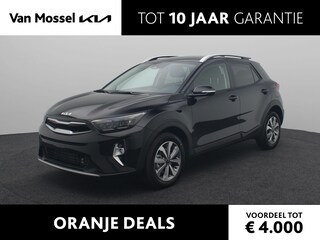 Kia Stonic 1.0 T-GDi MHEV DynamicPlusLine | Stoelverwarming | Navi | Camera | Keyless | Clima | Cruise | Voorraad diverse kleuren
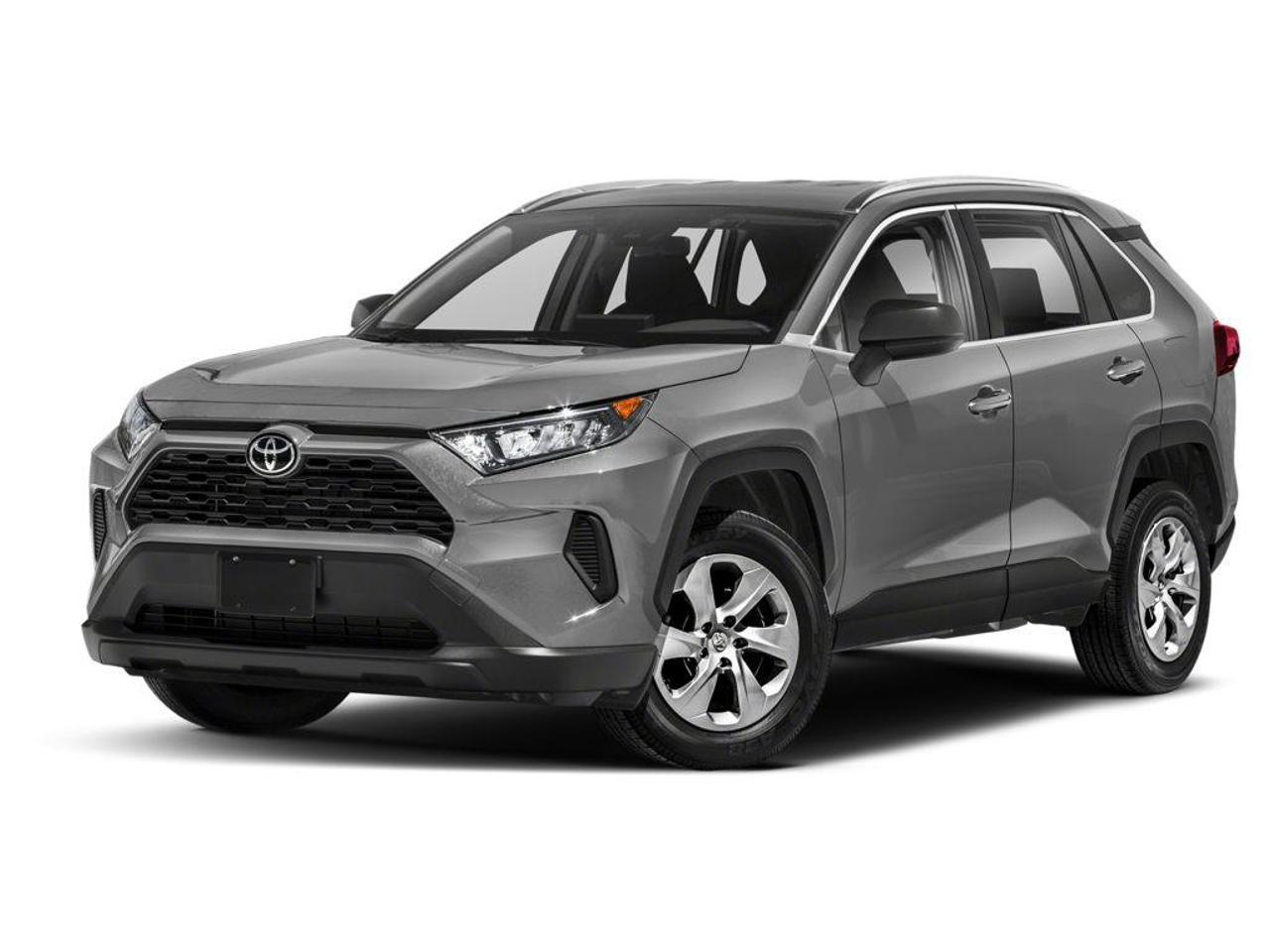 Used 2022 Toyota RAV4 LE for sale in Welland, ON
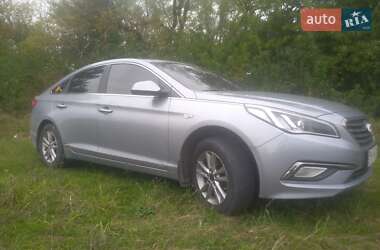 Седан Hyundai Sonata 2015 в Тернополе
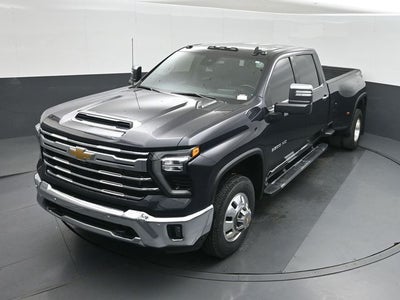 2024 Chevrolet Silverado 3500HD LTZ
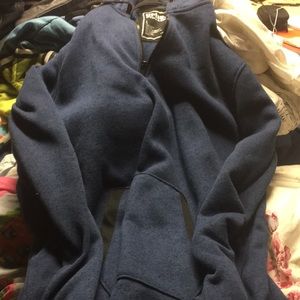 Urban pipeline sweater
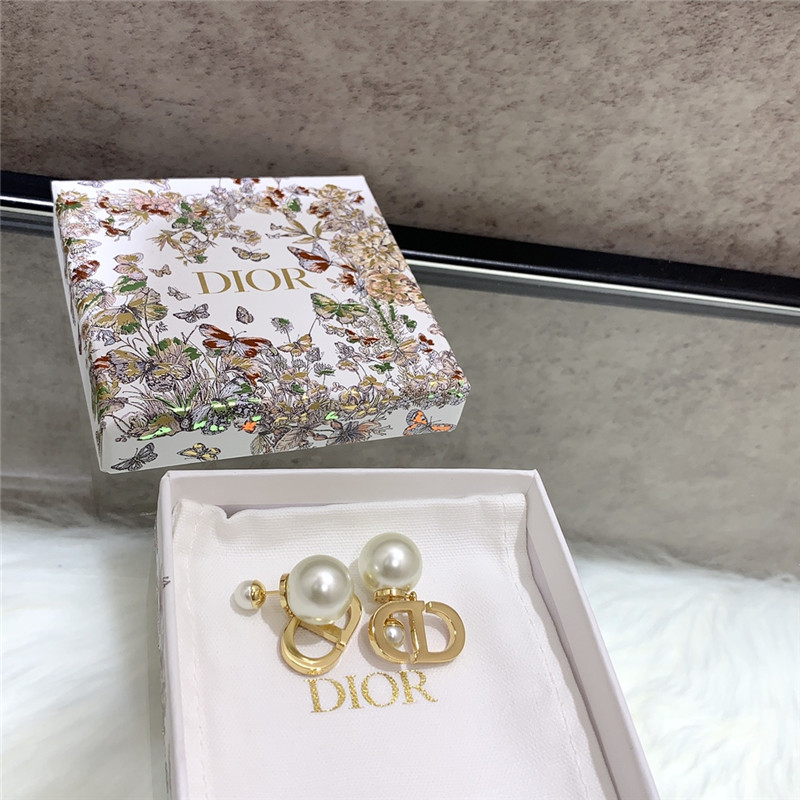 d10r full D1am0nd cd gradient pink D1am0nd earrings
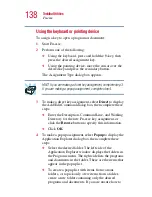 Preview for 138 page of Toshiba Portege 2010 User Manual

·····

WHAT TO WORK ON:
Could you retype all the entries above exactly, without the pictures?

EXERCISE OUTPUT:
 Kia Stonic 1.0 T-GDi MHEV DynamicPlusLine | Stoelverwarming | Navi | Camera | Keyless | Clima | Cruise | Voorraad diverse kleuren
 Used 2022 Toyota RAV4 LE for sale in Welland, ON
 Седан Hyundai Sonata 2015 в Тернополе
 2024 Chevrolet Silverado 3500HD LTZ
 Urban pipeline sweater
 d10r full D1am0nd cd gradient pink D1am0nd earrings
 Preview for 138 page of Toshiba Portege 2010 User Manual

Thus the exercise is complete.